Below are some common office distractions and some tips to reduce their negative impact on your schedule:
Distraction #1: Email – Emails are a vital communication tool for many workers; don’t let them suck precious time from your schedule. Compose the email in a thorough but concise manner, with the subject line clearly stating the topic of the message. Use your email wisely—ask the right questions or provide all the necessary information the first time. If you are thorough and to the point with the first email, you won’t waste time with back and forth messages. Think twice before forwarding the cute kitten video or the poem about friendships being flowers—why swamp your coworkers’ inboxes with more distractions?
Distraction #2: Meetings – While meetings are meant to efficiently address important issues with multiple people at once, they can drain your time and energy if not conducted for optimum effect. Go into a meeting prepped with a plan of action and notes or questions that are relevant to the topic. Send out an agenda beforehand so that everyone attending can stay on track. If the conversation starts to drift from the agenda to comparing plans for the weekend, you may have to be the person to steer everyone back on course.
Distraction #3: Phone Calls – If you find yourself on the phone for long periods when you should be working on other tasks, maybe it’s time to start screening your calls. If your office doesn’t have a central employee to screen and direct calls, why not let your phone handle the job? You can save numbers from solicitors, sales reps and other unwanted callers into your directory; the next time they call when you’re busy on a project, there’s no need to stop and answer. The employees and clients you work with cannot be ignored but you don’t want to waste time re-hashing the same items again and again. Give them your time and courtesy, but learn how to end the call tactfully when there is nothing new to add. Sometimes it’s helpful to set a limit at the beginning of the call, for instance “I only have a few minutes, but I wanted to touch base…”
Distraction #4: Coworkers – Of course the office is a lot more pleasant when people get along, some of the strongest friendships begin at work. But if the camaraderie and socializing are eating at your productivity you may find yourself working late to compensate. If your coworkers are dropping by your desk to chat too often you may need a signal to let them know when you are busy. Something as simple as closing your office door for a set period each day will indicate that this is your “do not disturb” time when you need to focus without interruptions.
Distraction #5: Yourself – Yes, sometimes we are our own worst problems! If procrastination is your middle name, try a few tricks to keep yourself motivated and on task. A photo of your loved ones (one of the reasons you want to excel at your job), a dream vacation spot (why you want that promotion) may help keep you focused. If your daily to-do list seems overwhelming, break it into sections with both large and small tasks. If you only complete small projects, the large ones will still loom overhead and add to your stress. Finishing a large project along with several small ones will add to your feeling of accomplishment and make your list more manageable. Keep lists—your daily tasks, weekly goals, monthly deadlines, etc.
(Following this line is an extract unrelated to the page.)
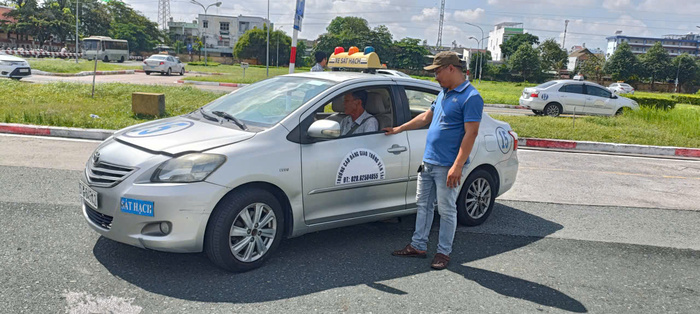 trung-tam-dao-tao-sat-hach-lai-xe-hoc-mon (1)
Not only will checklists help you organize and prioritize, you will also enjoy the great feeling of accomplishment when you see all those tasks checked off!
If your workday suffers from distractions and derailed schedules, you may recognize some of the above topics as your own obstacles. Try rating your distractions from worst to least, and put some of these suggestions into action. Reducing your interruptions and increasing your focus will result in improved productivity—a bonus for your company, your clients, and your overall job satisfaction.